Amir Lahav (SAR’06), a doctoral student at Sargent College, is a musician and a composer, but it’s his work in rehabilitation science that has won him a GRAMMY award to study the use of an interactive music therapy for stroke patients.

Lahav, in the last stages of his studies in the Music, Mind and Motion Lab of the SAR department of physical therapy and athletic training, was recently awarded a $40,000 grant by the GRAMMY Foundation to investigate the rehabilitative potential of techniques in which stroke patients use their affected limb to create music and then listen to the music they have created. The foundation was established by the National Academy of Recording Arts and Sciences, which gives out the annual Grammy Awards.

Here at BU, Lahav has been working on several projects, including the development of music technology and treatment techniques for improving motor function in patients with physical disabilities. Meanwhile, at the Beth Israel Deaconess Medical Center, a teaching hospital of Harvard Medical School, he has done brain-imaging studies that explore auditory-motor interactions in the human brain.

“The clinical concept behind this therapy,” Lahav says, “is that movements will become more controlled, coordinated, and purposeful when patients use their body limbs in order to play music, rather than exercising along with background music.” The grant will be used to test, in a clinical setting at Harvard Medical School, how well these techniques work.

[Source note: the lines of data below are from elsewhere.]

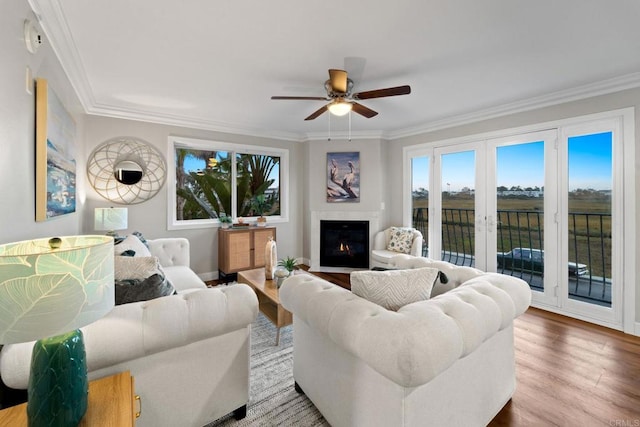 living room featuring hardwood / wood-style flooring, ceiling fan, crown molding, and french doors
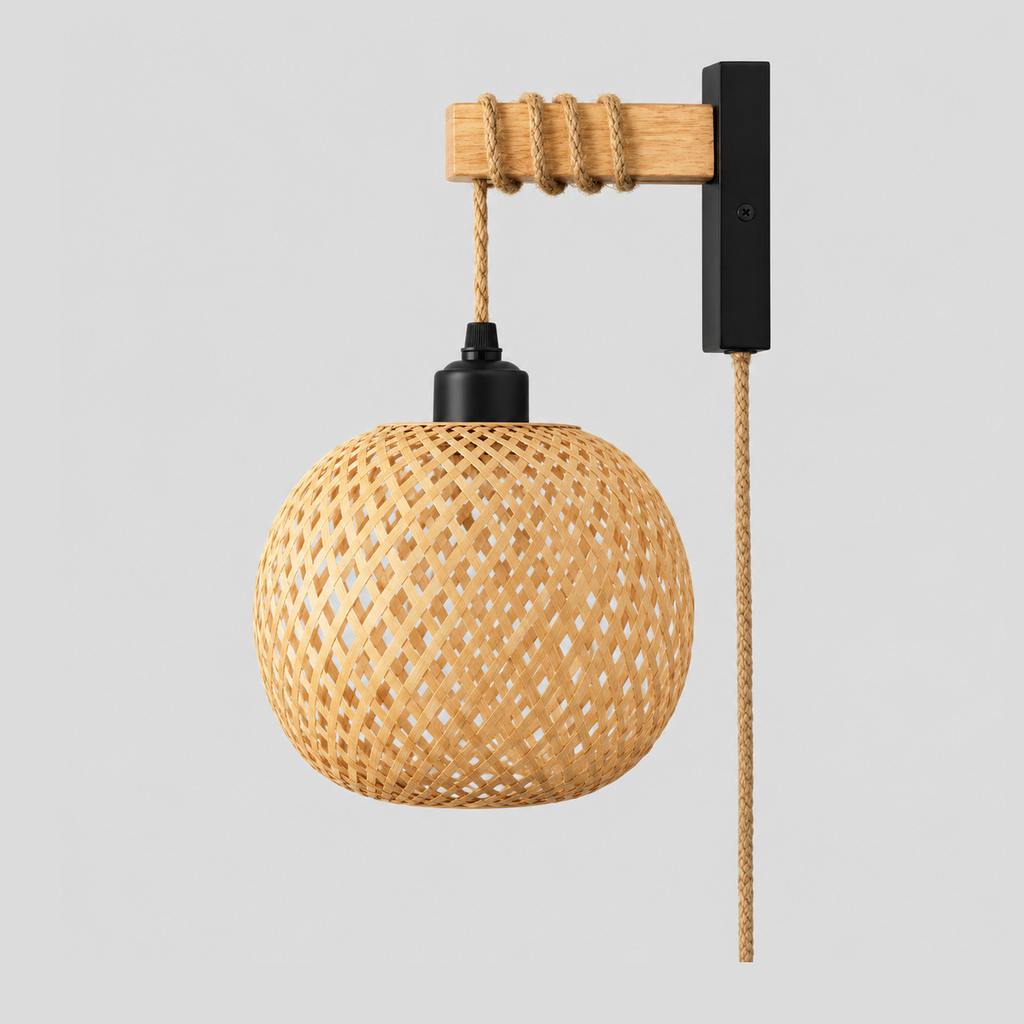 Black finish woven bamboo wall sconce on a light gray studio background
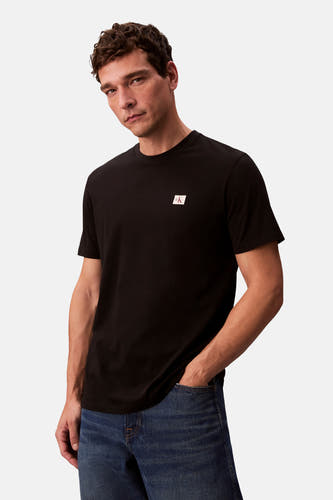 T-shirt noir à manches courtes de Calvin Klein, porté avec un jean bleu et une main dans la poche.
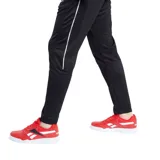Pantalón de jogging negro con dos líneas blancas verticales a los costados y logo de Reebok bordado en blanco.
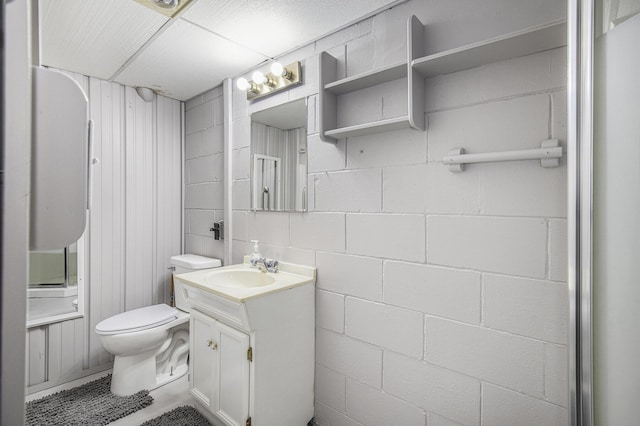 bathroom featuring concrete block wall, vanity, and toilet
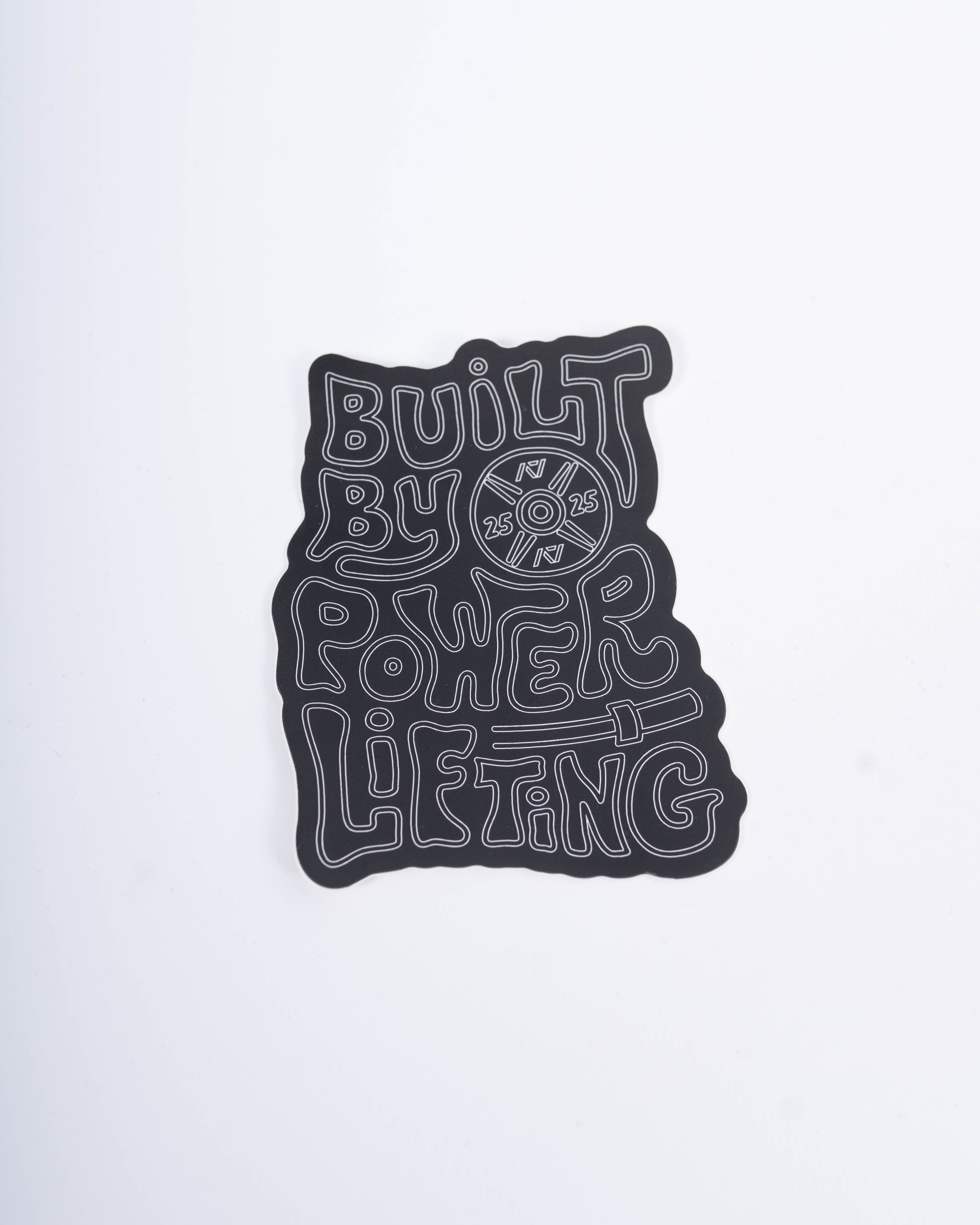 Front view of A7 Built By Sticker showcasing bold "Built By Powerlifting" text on matte polypropylene.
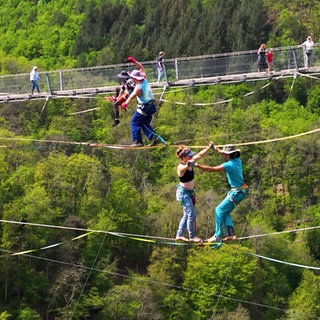 Slackliner balancieren neben der Geierlay-Brücke.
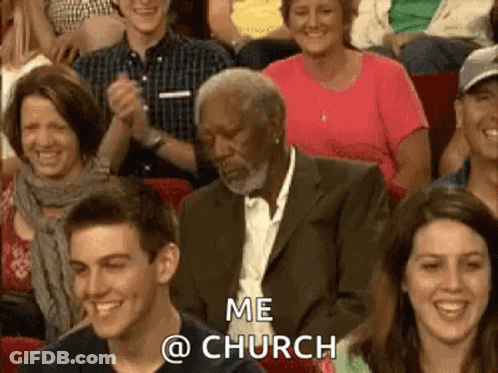 A Man In A Suit Is Sitting In A Crowd Of People Applauding And Laughing . GIF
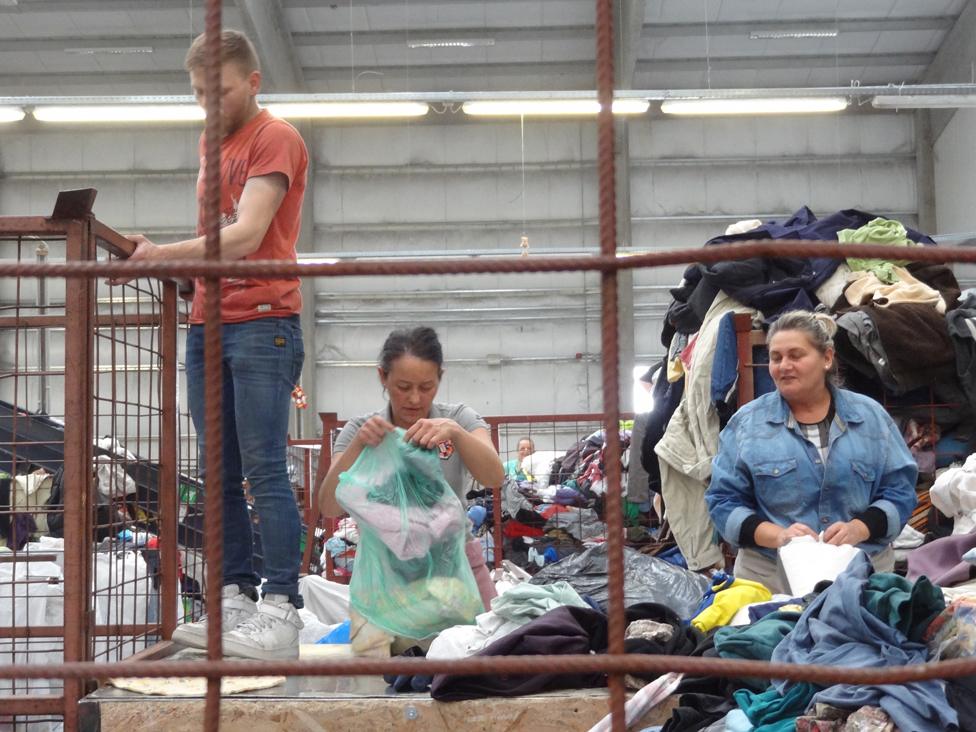 Clothes sorters viewed through the bars of a cage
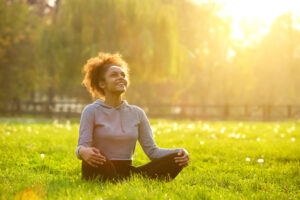 woman sitting in field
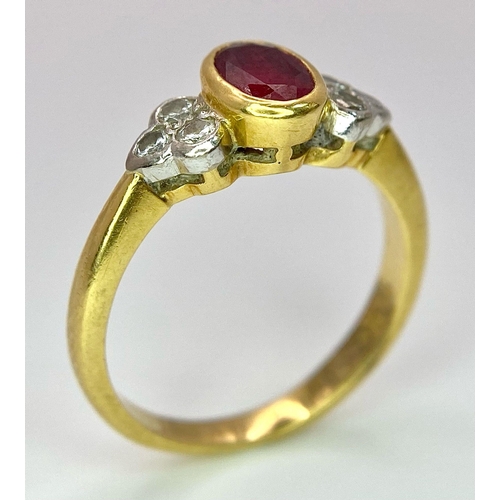 32 - An 18K Yellow Gold Ruby and Diamond Ring. Central oval ruby with six round cut diamond accents. Size... 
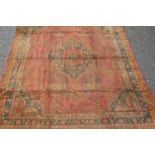A Turkish Ushak carpet, the madder field with a polychrome stepped medallion, with vines and guls,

Some of Lahav’s methods have been employed at the Music, Mind and Motion Lab, where he has been testing his Virtual Music Maker — a human-computer interface that converts body movements into sounds, allowing patients to create music while performing prescribed therapeutic exercises. For example, a wave of the patient’s hand in front of a specially equipped webcam reads the speed and movements and translates them into music and a digital image projected onto a wall.

As a musician, Lahav knows that even the able-bodied face challenges and frustrations playing a piano or guitar. He developed the Virtual Music Maker, which does not require extensive training or special musical talent, to help stroke patients play music. The movements required to play the music are designed to mirror activities that are essential in daily life, Lahav says, such as opening a door or reaching for a cup. The music acts as a reward when the nervous system is under control, which in turn helps the patient regain motor function.

Lahav believes that his therapy may not be limited to stroke victims, but could extend to other neuromuscular disorders such as traumatic brain injury and Parkinson’s disease or even to physical rehabilitation following orthopedic surgeries.

“The GRAMMY grant is definitely one of my personal bests,” he says, and he is grateful for the foundation’s support of his research. He plans to begin work this summer.